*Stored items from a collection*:
>>

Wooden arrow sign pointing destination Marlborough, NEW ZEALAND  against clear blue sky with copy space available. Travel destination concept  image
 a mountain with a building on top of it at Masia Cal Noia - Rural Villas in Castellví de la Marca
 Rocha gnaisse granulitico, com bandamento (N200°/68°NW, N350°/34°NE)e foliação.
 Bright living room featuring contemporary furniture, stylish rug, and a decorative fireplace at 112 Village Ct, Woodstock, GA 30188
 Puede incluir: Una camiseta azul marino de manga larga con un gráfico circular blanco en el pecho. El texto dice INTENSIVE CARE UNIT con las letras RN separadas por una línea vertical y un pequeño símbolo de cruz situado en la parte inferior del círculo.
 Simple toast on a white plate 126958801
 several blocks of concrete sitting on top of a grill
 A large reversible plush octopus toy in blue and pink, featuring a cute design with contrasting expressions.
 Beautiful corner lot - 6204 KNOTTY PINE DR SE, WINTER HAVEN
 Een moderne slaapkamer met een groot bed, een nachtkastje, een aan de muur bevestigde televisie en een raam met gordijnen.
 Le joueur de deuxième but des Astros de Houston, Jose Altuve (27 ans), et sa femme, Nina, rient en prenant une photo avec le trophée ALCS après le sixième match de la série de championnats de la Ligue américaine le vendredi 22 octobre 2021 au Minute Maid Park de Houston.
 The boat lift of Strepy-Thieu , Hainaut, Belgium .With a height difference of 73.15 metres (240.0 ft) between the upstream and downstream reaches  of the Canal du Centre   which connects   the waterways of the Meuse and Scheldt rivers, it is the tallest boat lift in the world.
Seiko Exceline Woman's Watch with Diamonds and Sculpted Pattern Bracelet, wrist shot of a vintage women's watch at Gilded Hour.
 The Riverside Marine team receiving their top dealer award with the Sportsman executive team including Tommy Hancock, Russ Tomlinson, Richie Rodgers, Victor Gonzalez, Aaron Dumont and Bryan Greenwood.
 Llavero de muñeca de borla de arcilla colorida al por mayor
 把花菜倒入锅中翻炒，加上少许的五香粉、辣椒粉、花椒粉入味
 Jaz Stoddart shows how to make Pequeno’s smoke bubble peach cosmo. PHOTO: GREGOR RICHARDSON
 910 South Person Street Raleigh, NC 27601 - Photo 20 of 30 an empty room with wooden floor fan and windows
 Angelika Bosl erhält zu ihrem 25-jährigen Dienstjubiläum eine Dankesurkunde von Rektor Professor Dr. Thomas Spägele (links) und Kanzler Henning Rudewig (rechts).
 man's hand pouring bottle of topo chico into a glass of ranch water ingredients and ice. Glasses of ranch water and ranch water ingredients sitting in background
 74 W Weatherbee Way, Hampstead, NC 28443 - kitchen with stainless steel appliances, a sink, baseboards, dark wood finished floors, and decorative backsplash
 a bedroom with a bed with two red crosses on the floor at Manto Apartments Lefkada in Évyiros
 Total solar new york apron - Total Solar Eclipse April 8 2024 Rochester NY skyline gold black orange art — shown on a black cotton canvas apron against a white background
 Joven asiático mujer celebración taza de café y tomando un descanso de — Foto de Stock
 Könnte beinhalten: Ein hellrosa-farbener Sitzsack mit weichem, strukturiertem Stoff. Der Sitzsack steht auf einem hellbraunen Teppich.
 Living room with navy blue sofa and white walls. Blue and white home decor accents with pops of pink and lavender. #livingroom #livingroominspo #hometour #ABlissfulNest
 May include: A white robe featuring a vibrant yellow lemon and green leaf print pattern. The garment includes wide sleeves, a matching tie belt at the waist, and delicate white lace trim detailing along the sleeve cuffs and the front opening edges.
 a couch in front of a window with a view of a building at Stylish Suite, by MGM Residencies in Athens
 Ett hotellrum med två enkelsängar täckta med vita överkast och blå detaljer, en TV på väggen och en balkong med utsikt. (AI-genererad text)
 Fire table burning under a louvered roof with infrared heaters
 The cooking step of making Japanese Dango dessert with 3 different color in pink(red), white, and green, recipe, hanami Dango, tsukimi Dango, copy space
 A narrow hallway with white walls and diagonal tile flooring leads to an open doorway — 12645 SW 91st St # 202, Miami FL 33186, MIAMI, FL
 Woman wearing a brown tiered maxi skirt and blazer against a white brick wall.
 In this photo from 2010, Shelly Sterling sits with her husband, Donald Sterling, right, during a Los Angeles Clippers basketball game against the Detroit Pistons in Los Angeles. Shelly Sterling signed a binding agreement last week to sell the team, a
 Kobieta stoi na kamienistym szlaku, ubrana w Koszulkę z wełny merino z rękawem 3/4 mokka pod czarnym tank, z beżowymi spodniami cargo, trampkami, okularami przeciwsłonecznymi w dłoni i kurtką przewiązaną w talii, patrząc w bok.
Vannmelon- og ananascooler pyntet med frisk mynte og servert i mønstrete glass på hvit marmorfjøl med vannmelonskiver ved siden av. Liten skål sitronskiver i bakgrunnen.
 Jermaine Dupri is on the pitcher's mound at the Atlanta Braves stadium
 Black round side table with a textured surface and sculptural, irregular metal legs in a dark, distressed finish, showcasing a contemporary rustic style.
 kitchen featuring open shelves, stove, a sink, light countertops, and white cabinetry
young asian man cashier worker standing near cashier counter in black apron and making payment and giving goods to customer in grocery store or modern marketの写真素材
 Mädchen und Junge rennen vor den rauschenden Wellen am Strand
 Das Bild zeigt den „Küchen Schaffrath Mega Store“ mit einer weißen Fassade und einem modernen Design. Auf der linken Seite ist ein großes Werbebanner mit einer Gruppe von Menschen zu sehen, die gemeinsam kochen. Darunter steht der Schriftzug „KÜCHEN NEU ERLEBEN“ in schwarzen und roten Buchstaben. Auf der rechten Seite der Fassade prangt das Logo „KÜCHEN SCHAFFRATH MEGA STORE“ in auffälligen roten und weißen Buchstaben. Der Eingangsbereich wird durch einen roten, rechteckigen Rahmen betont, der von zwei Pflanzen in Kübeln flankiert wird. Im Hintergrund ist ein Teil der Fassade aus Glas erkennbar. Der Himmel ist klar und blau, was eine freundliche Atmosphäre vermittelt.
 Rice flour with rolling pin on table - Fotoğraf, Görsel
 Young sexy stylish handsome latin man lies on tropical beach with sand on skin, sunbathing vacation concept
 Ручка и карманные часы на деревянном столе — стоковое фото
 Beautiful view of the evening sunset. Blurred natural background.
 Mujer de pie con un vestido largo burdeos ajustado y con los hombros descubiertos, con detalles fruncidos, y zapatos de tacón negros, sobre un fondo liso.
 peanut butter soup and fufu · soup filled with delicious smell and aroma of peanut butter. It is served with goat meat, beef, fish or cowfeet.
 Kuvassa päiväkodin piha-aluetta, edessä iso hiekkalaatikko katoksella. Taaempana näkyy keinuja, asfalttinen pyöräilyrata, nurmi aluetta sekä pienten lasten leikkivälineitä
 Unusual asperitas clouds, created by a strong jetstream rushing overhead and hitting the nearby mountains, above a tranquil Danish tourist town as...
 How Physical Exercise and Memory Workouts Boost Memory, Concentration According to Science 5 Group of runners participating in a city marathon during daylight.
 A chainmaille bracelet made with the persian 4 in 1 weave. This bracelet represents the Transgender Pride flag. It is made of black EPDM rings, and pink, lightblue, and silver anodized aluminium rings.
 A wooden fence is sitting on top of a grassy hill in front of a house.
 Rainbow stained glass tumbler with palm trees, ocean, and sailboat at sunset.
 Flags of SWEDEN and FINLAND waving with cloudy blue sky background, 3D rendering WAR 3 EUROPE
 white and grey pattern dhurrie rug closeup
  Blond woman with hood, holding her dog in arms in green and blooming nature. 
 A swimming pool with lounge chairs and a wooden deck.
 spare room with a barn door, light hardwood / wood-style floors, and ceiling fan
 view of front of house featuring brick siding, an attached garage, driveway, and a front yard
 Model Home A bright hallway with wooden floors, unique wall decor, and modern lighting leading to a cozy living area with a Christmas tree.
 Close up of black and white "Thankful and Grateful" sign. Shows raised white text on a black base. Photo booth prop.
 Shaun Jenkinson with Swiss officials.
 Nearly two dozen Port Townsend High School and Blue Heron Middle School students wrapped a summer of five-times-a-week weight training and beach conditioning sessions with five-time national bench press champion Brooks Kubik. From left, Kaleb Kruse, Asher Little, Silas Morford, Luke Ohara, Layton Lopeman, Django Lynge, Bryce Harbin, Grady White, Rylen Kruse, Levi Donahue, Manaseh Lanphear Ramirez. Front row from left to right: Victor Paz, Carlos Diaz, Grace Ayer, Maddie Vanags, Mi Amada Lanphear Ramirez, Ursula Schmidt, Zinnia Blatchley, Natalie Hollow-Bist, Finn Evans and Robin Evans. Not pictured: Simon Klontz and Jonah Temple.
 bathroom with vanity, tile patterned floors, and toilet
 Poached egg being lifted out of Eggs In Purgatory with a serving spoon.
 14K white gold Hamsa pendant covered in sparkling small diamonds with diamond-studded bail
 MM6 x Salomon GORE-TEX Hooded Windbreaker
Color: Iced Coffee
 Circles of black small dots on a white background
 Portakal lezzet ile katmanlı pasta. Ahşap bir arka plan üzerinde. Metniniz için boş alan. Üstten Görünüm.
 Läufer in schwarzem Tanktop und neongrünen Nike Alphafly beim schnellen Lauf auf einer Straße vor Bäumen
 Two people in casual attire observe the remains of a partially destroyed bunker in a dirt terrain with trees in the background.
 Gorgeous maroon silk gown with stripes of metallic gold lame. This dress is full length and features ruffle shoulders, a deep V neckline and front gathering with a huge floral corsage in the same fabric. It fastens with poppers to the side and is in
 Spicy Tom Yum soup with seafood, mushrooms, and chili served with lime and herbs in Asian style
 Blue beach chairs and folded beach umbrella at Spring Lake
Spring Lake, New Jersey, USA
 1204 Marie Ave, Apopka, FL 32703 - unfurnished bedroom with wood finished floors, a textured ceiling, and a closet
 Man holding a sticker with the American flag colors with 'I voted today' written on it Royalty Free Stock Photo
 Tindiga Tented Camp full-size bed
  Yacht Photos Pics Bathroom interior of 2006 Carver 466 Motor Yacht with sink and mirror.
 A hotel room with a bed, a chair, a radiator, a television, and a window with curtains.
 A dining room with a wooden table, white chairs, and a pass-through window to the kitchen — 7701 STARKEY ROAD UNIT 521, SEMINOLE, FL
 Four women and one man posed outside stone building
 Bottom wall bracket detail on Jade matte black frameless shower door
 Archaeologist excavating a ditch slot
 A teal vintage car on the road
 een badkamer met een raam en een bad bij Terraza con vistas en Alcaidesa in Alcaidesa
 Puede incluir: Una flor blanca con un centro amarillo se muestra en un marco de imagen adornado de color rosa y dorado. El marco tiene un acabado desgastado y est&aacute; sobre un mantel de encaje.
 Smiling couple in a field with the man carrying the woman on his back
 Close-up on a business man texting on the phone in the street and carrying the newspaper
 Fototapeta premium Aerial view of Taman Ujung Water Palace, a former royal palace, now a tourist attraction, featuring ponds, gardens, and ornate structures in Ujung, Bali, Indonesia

<<

*Problem requirements*: What you return must be the lines above that run from the line with "The cooking step" to the line with "Mädchen und Junge", inclusive, each copied exactly.

*Result of this task*:
 The cooking step of making Japanese Dango dessert with 3 different color in pink(red), white, and green, recipe, hanami Dango, tsukimi Dango, copy space
 A narrow hallway with white walls and diagonal tile flooring leads to an open doorway — 12645 SW 91st St # 202, Miami FL 33186, MIAMI, FL
 Woman wearing a brown tiered maxi skirt and blazer against a white brick wall.
 In this photo from 2010, Shelly Sterling sits with her husband, Donald Sterling, right, during a Los Angeles Clippers basketball game against the Detroit Pistons in Los Angeles. Shelly Sterling signed a binding agreement last week to sell the team, a
 Kobieta stoi na kamienistym szlaku, ubrana w Koszulkę z wełny merino z rękawem 3/4 mokka pod czarnym tank, z beżowymi spodniami cargo, trampkami, okularami przeciwsłonecznymi w dłoni i kurtką przewiązaną w talii, patrząc w bok.
Vannmelon- og ananascooler pyntet med frisk mynte og servert i mønstrete glass på hvit marmorfjøl med vannmelonskiver ved siden av. Liten skål sitronskiver i bakgrunnen.
 Jermaine Dupri is on the pitcher's mound at the Atlanta Braves stadium
 Black round side table with a textured surface and sculptural, irregular metal legs in a dark, distressed finish, showcasing a contemporary rustic style.
 kitchen featuring open shelves, stove, a sink, light countertops, and white cabinetry
young asian man cashier worker standing near cashier counter in black apron and making payment and giving goods to customer in grocery store or modern marketの写真素材
 Mädchen und Junge rennen vor den rauschenden Wellen am Strand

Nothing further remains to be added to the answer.